The (rather long) day was not over yet since we had planned an extra on-site OWABI seminar & webinar with two participants in the conference, Filippo Pagani (Warwick and OCEAN postdoc) using fusion for federated learning, with a trapezoidal approximation, and Maurizio Filippone on GANs as hidden perfect ABC model selection, a GAN providing an automatic density estimator… With astounding Gemini-generated cartoons! Videos are soon to be available. A big congrats to the speakers who managed to convey their ideas and results despite the late hour! (On the extra-academic side, I was invited last night to a genuine Szechuan dinner in Chinatown, with a large array of spicy dishes if not that spicy!, and a rare opportunity to taste abalone. And bullfrogs. Quite a treat! And a good reason to skip dinner altogether!)

BayesComp 2025.2

Posted in Kids, pictures, Statistics, Travel, University life with tags , , , , , , , , , , , , , , , , , , , , , , , , , , , , , , , , , , , , , , on June 19, 2025 by xi'an


The main BayesComp²⁵ conference started with Pierre Jacob’s plenary talk on his recent advances on coupling for unbiased MCMC—currently ERC grantee on that topic—.  Raising lazy questions like using a different target or transition kernel for the second chain in the coupling, connecting the Poisson equation and control variates, handling the signed issue with the unbiased approximations. Interestingly, they obtain an unbiased estimator of the asymptotic variance of the unbiased estimator. And a correction for self-normalised importance sampling, which has some connections with our 1996 (?) pinball sampler. Also an evaluation of the median of means, rather than the average of means, which is a thing I had been (lazily) contemplating for a while  (On the greedy side, as I was writing my recovery exam for my Monte Carlo course, I realised the results Pierre presented could be somewhat recycled into exam problems!)

My first parallel session was on gradient-based methods with a talk by Francesca Crucinio on proximal particle Langevin algorithms (similar to the one she gave in PariSanté last year), a talk by Zhihao Wang on stereographic multiple try Metropolis(-Rosenbluth-Teller) that unsurprisingly recovers ergodicity thanks to the compactness of the ball. For which I wonder why a Normal proposal makes complete sense since one could consider a mover after the projection instead and why iid rather than repelling multiple proposals are used… The last speaker was just out from the plane from California, Siddharth Vishwanath who spoke about repelling-attracting HMC. With very nice animations of HMC, if reaching the main point of using both negative and positive frictions a few minutes before the session finished. The method preserves volume and potential, if not energy.

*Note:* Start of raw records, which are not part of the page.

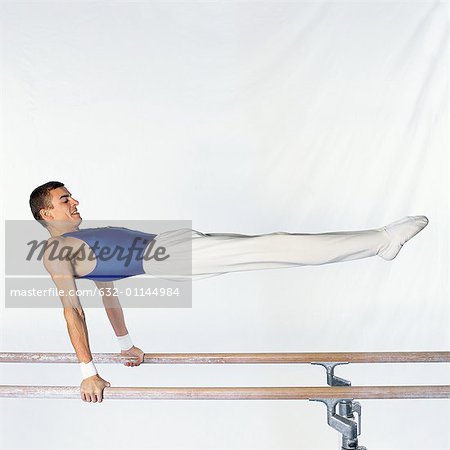 Jeune gymnaste masculin effectuant de routine sur les barres parallèles, vue latérale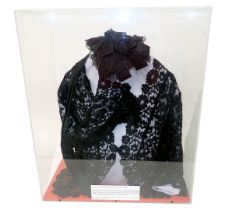 A black lace jacket, with hat, in perspex glazed case, 52cm wide.
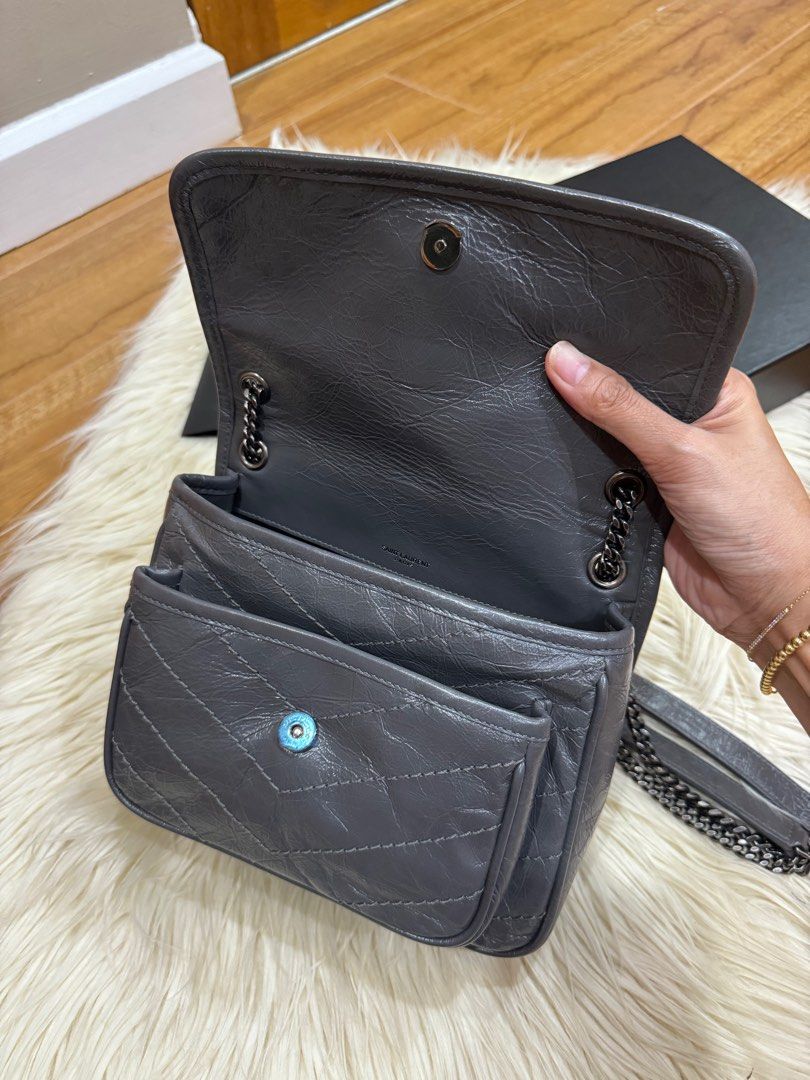 YSL Niki Baby (Category: Luxury Bags & Wallets) located in Cebu City. Submitted by joniiie (Listing ID 1280447874, Image 3). Description: 10/10 condition no flaws, no rubs complete with receipt (no paperbag) .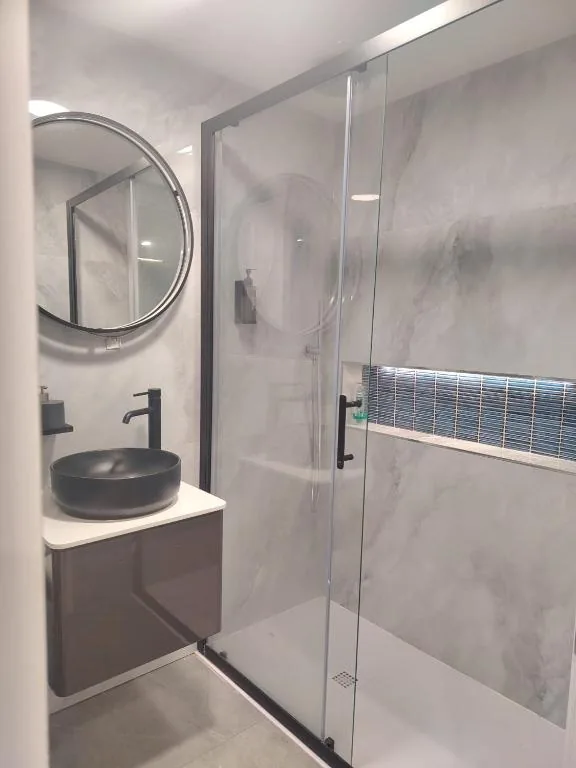 Bathroom with glass walk-in shower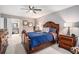 Large bedroom with ceiling fan and bright light, showcasing a well-made bed and matching bedside tables at 46 Le Parc Fontaine, Lithonia, GA 30038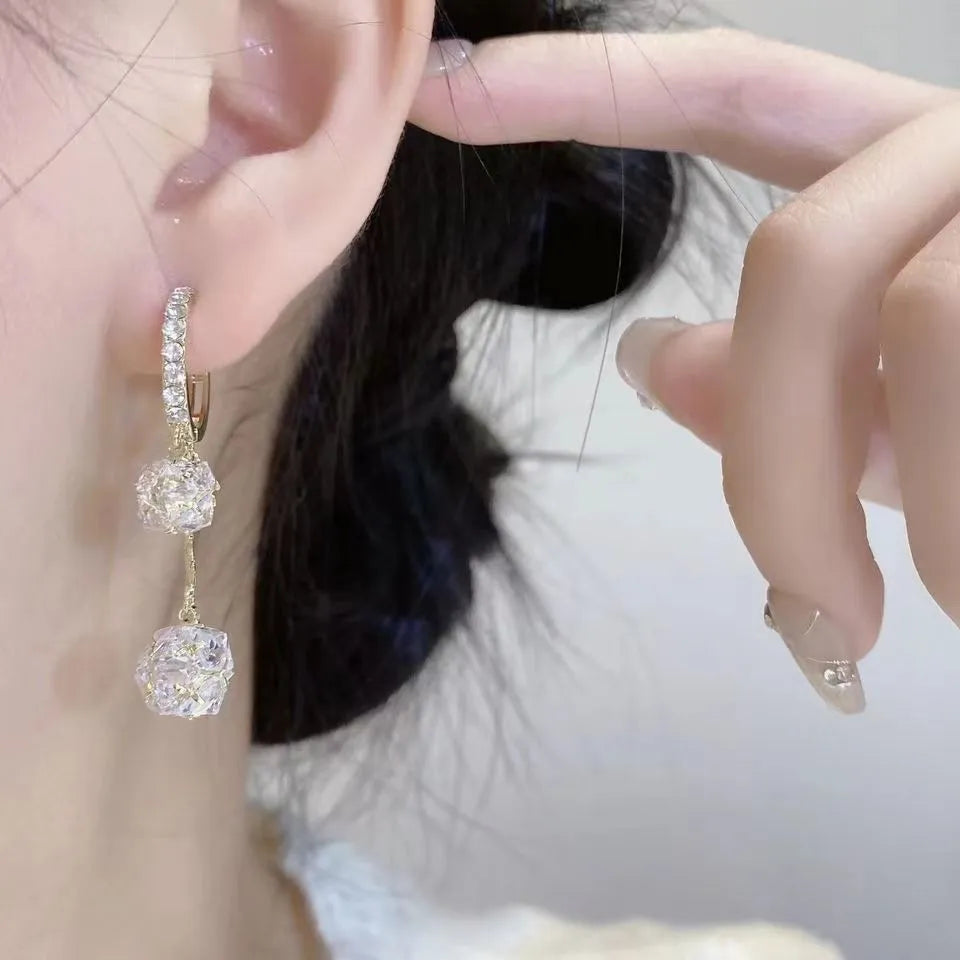Women's silver-toned drop earrings with a double pendant and rhinestone ball tassel on an ear clip.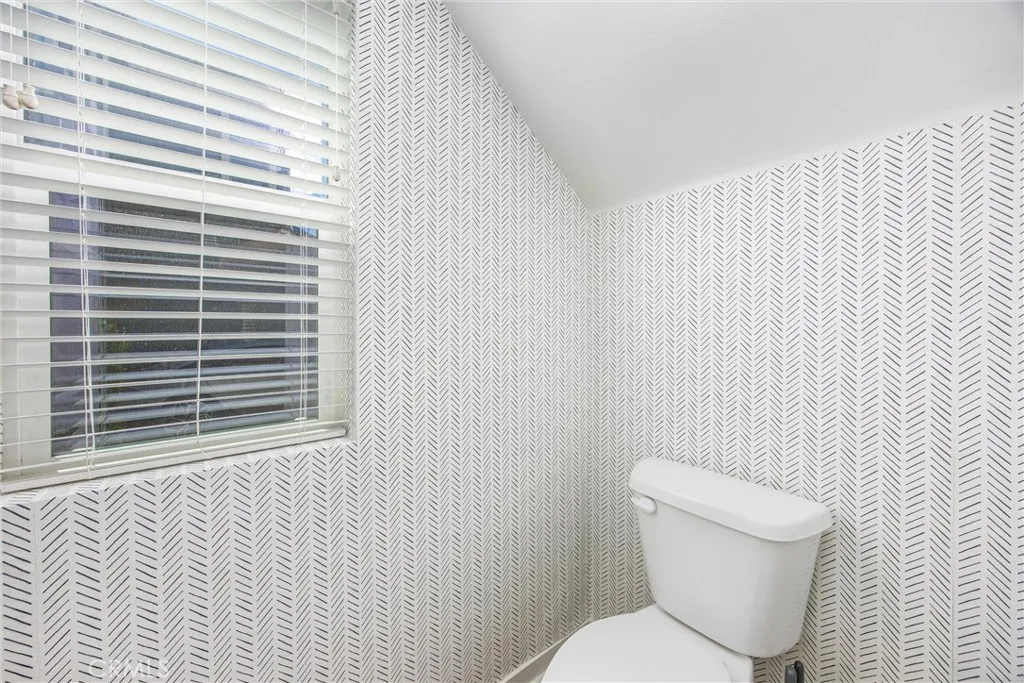 Convenient downstairs powder room offers easy access for guests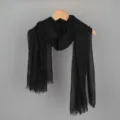Solid black cotton linen crinkle scarf with frayed edges hanging on a wooden hanger. - 90*180cm / 13# (Black)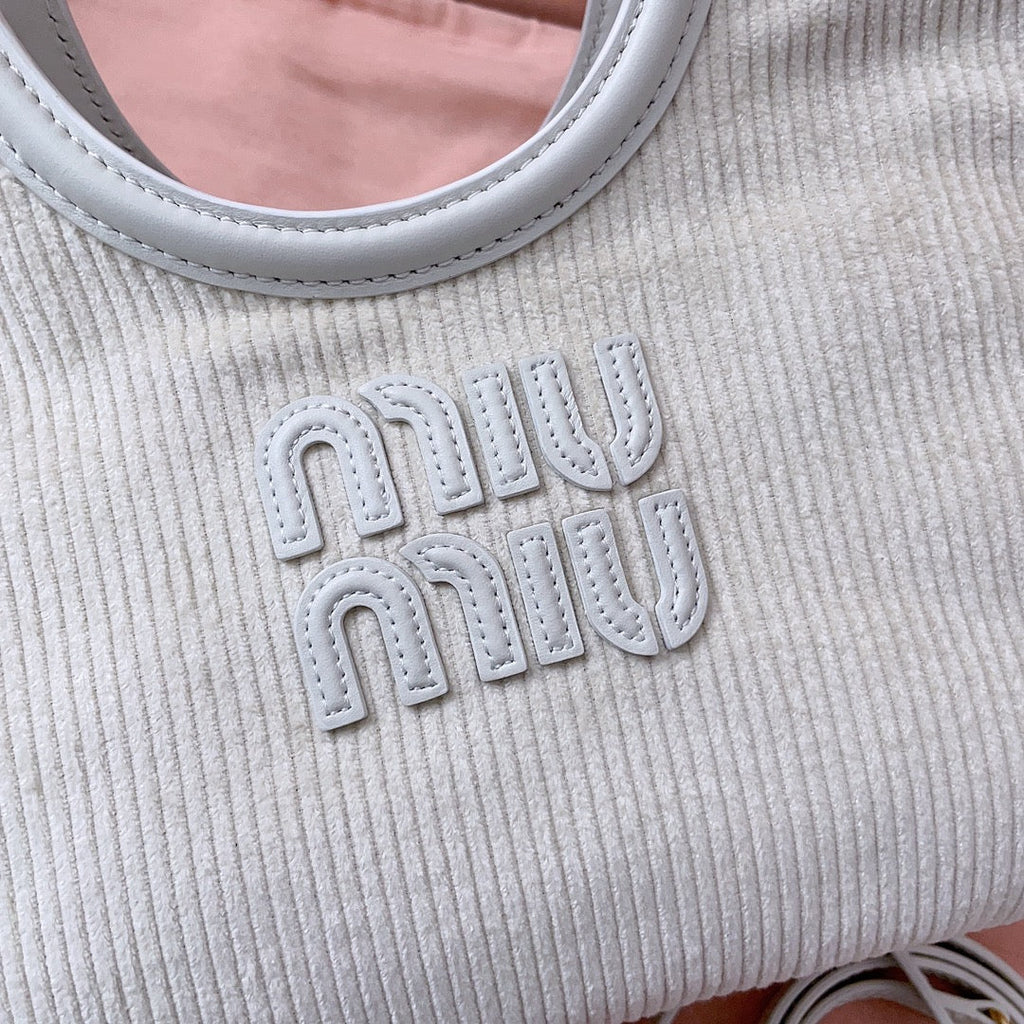 MIU MIU IVY HANDBAG 22 IN WHITE CANVAS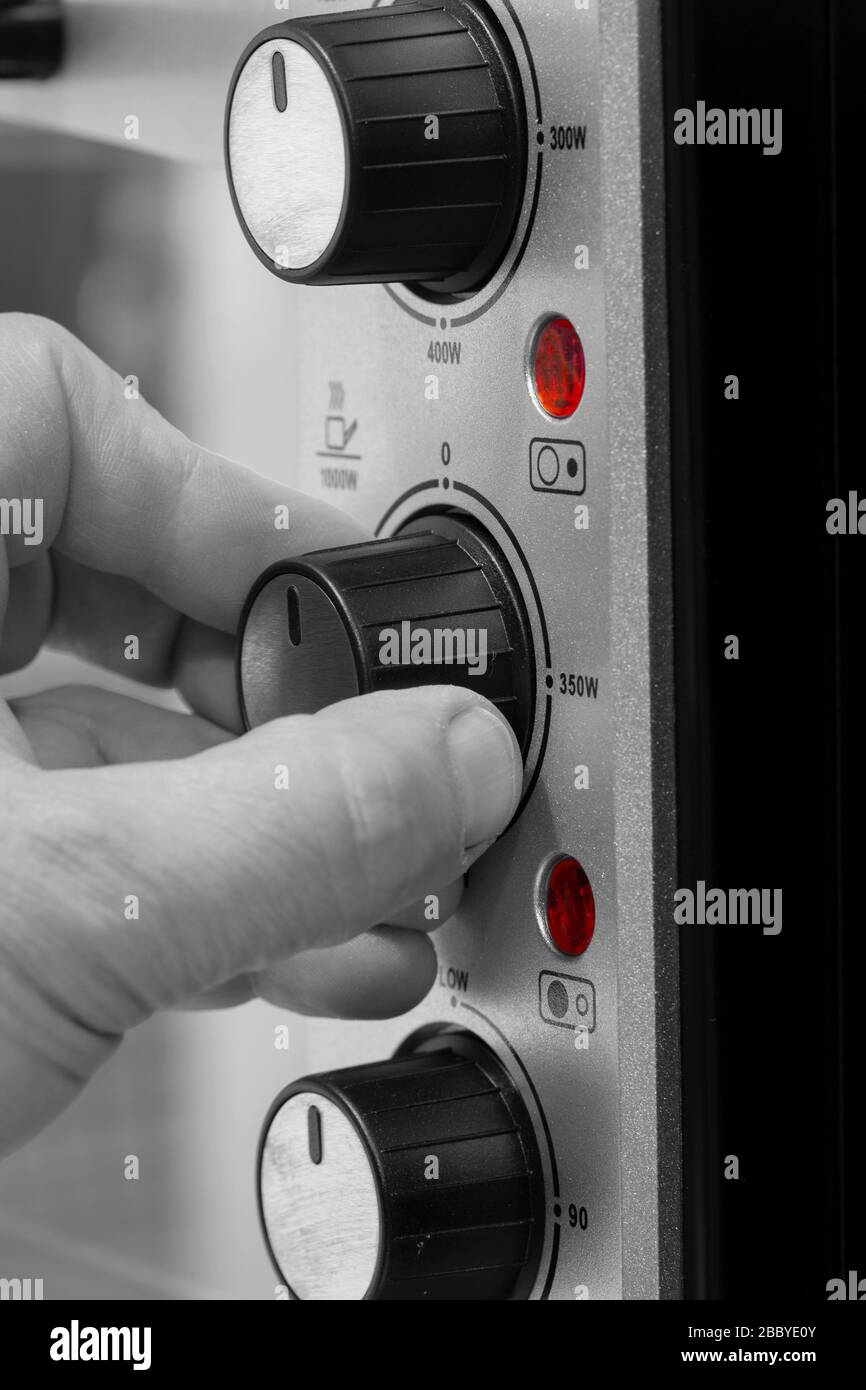 Man setting the power setting on an electric oven grill by turning a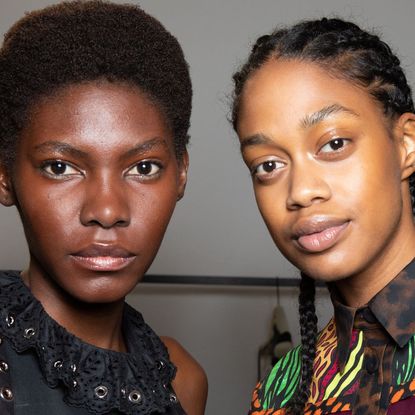 two models looking directly at the camera - Eyebrow threading - getty 1276958072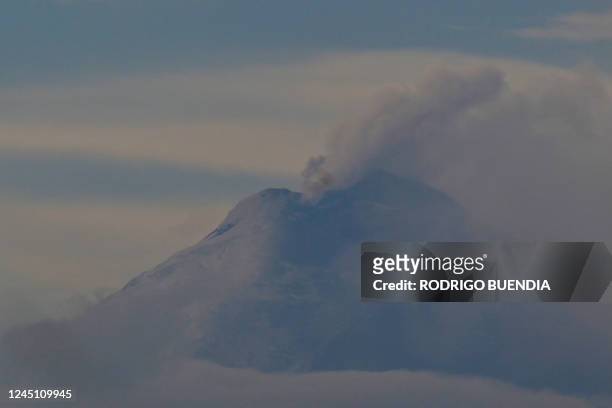 The Cotopaxi volcano emits ash and gases, as seen from Quito on November 26, 2022.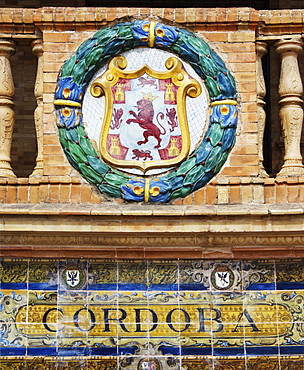 Emblem of Cordoba on the palace Palacio de Espana, Seville, Andalusia, Spain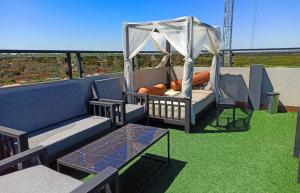 a patio with a gazebo and a swing at Bello monoambiente a metros del aeropuerto in Colonia Mariano Roque Alonso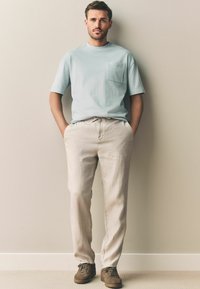 Lyseblå T-shirt med korte ærmer og lomme, parret med beige linnedbukser og brune ruskindsko. Enkel, afslappet silhuet.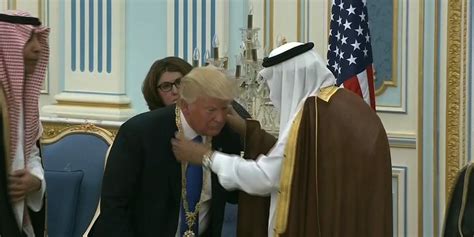 donald trump appears  bow  saudi arabian king  receiving gold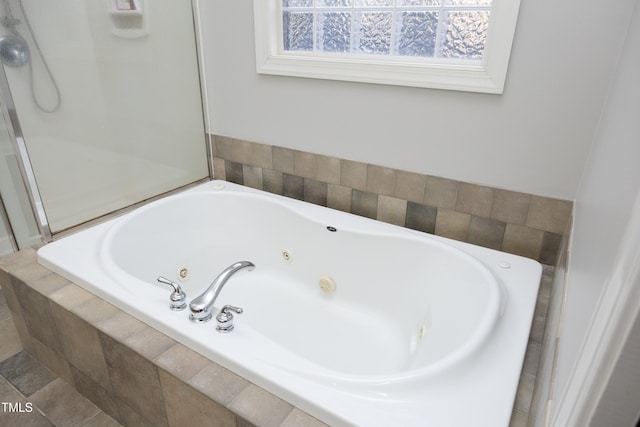 bathroom with a relaxing tiled tub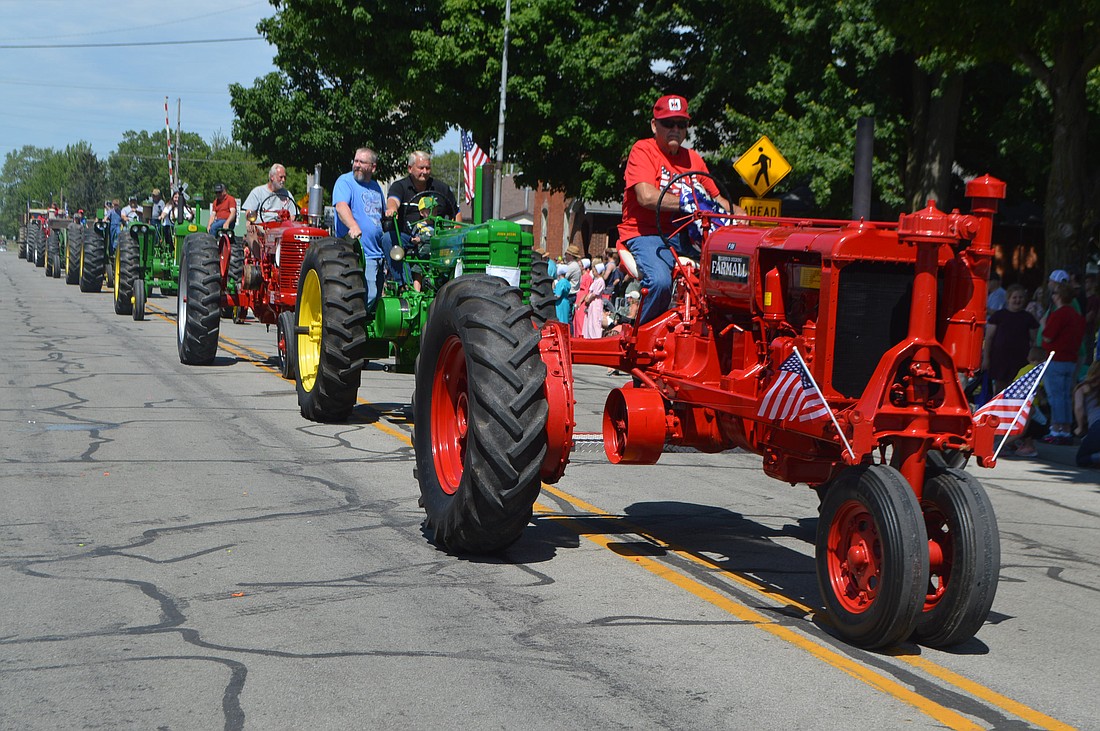 Echoes of the Past takes part in the 2022 Egg Festival Parade. Photo by David Slone, Times-Union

Speaking of which (energy), I find myself struggling with my less than 6 hours of sleep since arrival during the first afternoon session, despite a fiery hot spot lunch, which means in plainer terms that I alas dozed in and out of the talks. The second session saw Jack Jewson exposing in deeper details the exact PDMP algorithm for Gibbs measures  Jeremias Knoblauch mentioned yesterday. And Jonathan Huggins as well, using Gaussian processes as proxies for expected likelihoods, with lower guarantees than pseudo-marginal versions. In a mildly connected way, Robin Ryder went through the resolution of the ecological inference challenge they produce with Nicolas Chopin and Théo Valdoire (all authors with whom I am connected, Théo being a brillant student of our MASH Master last year and now in Harvard, hopefully till the end of his PhD!)

On the extra-academic curriculum, I had a yummy dinner in the Maxwell Hawker (street) food centre, incl. Xiao Long Bao that cooled down fast enough to avoid the usual scalding effect, plus rojak a mixed fruit and vegetable fried in a peanut sauce that I had never tasted before, popiah (ditto), chili noodles, and an appam with durian deepfried balls as a fabulous and unexpected dessert.